■ Exercise data
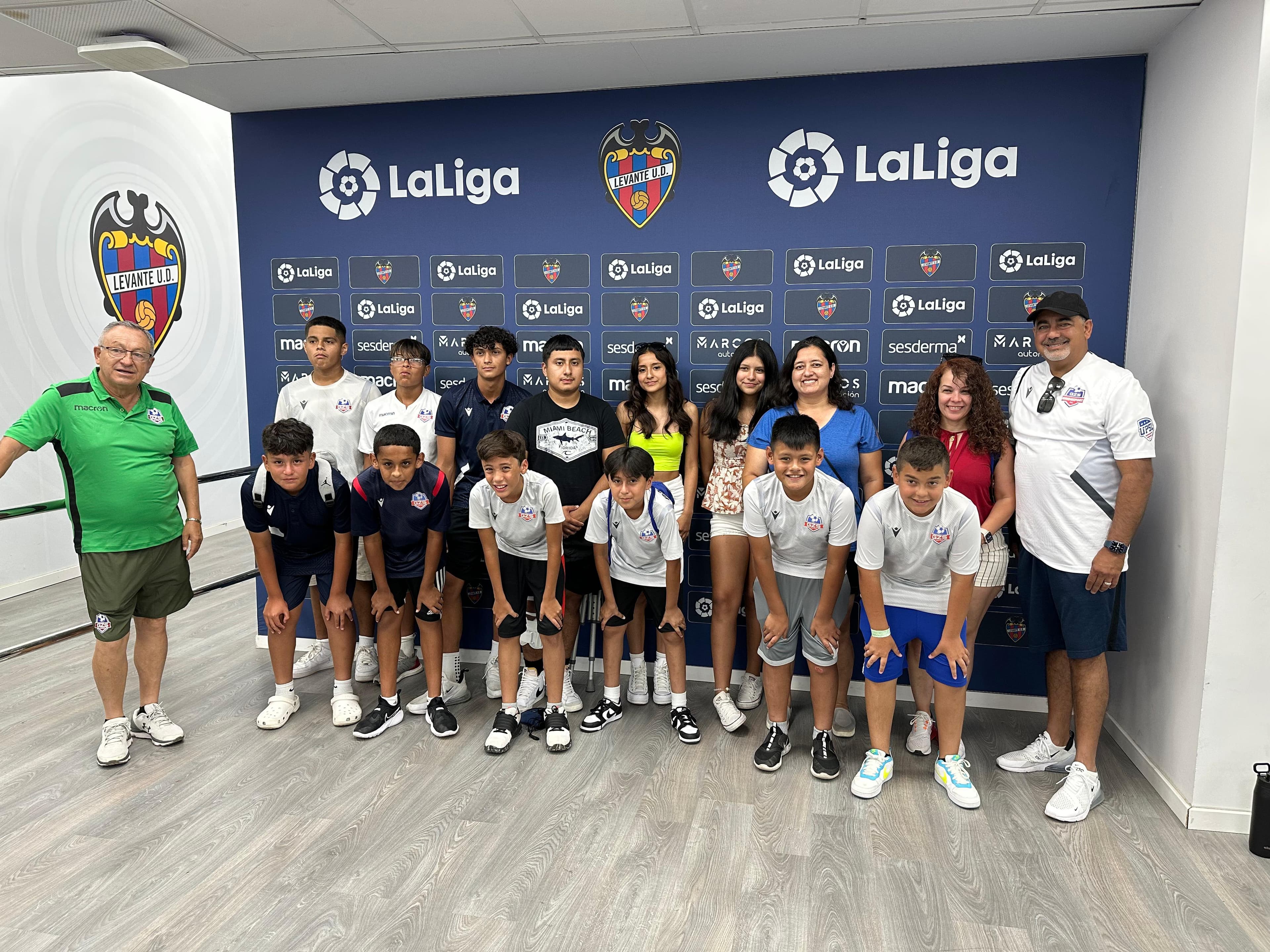 International soccer event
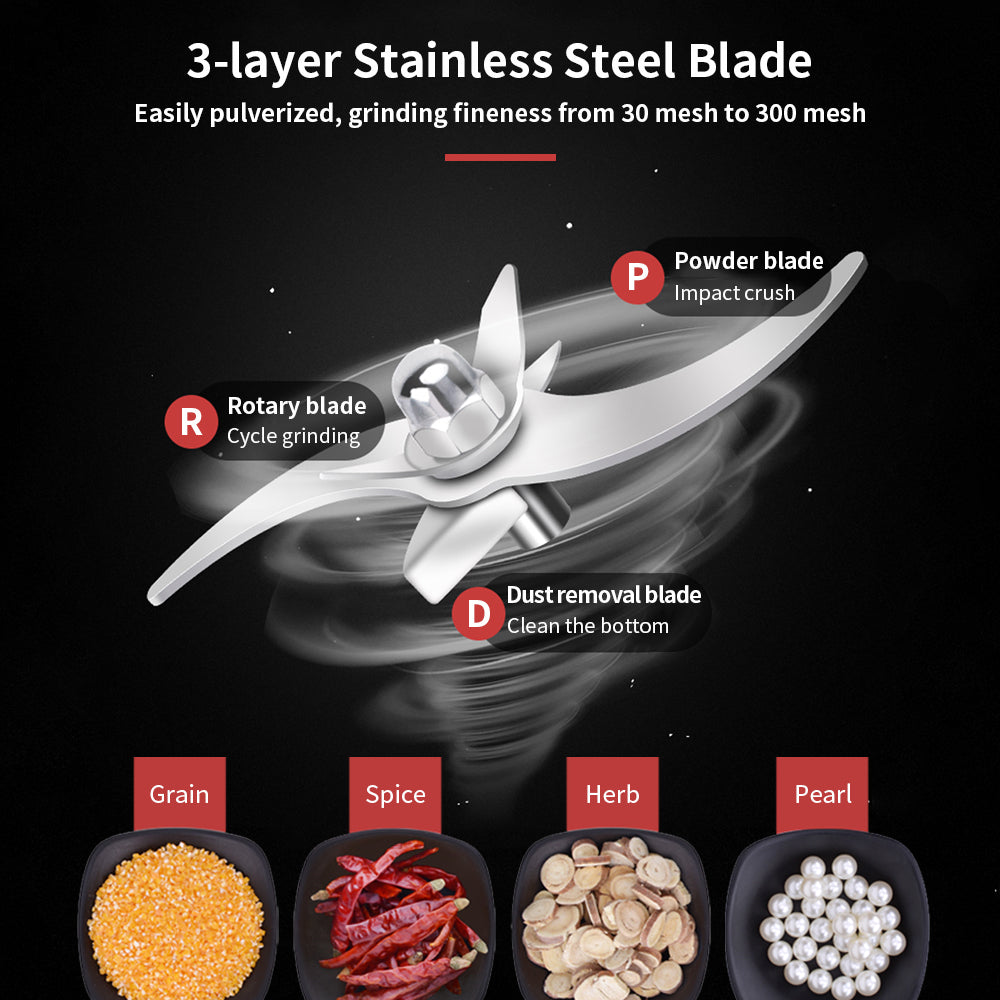 Swing-type Grain Grinder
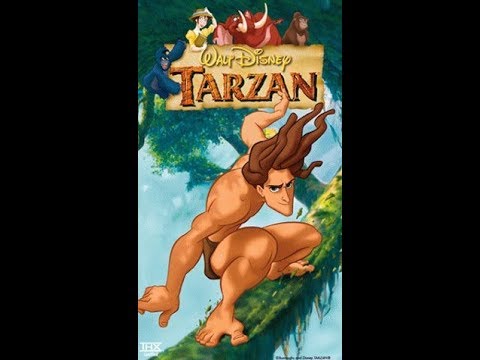 Opening to Tarzan 2000 VHS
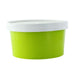 Ensaladera redonda multiusos BUCKATY cartón verde 900ml Ø150mm A75mm - 360Uds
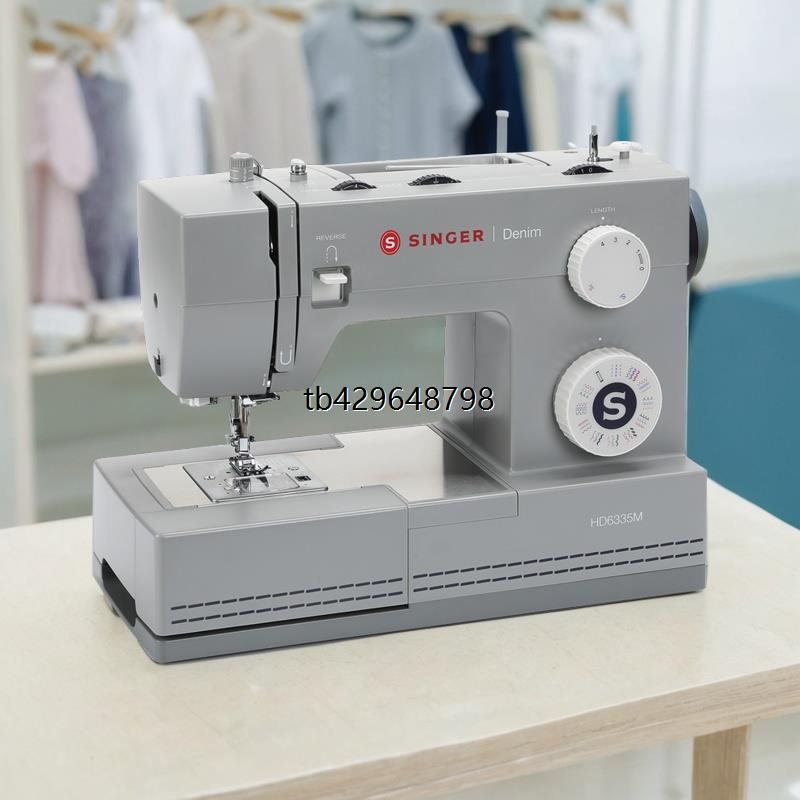 胜家缝纫机6335家用多功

■ What the exercise asks
Each line of the listing must be restated word for word, and the pictures left out.

■ Output for this exercise
 International soccer event
 Swing-type Grain Grinder
 Opening to Tarzan 2000 VHS
 Ensaladera redonda multiusos BUCKATY cartón verde 900ml Ø150mm A75mm - 360Uds
 胜家缝纫机6335家用多功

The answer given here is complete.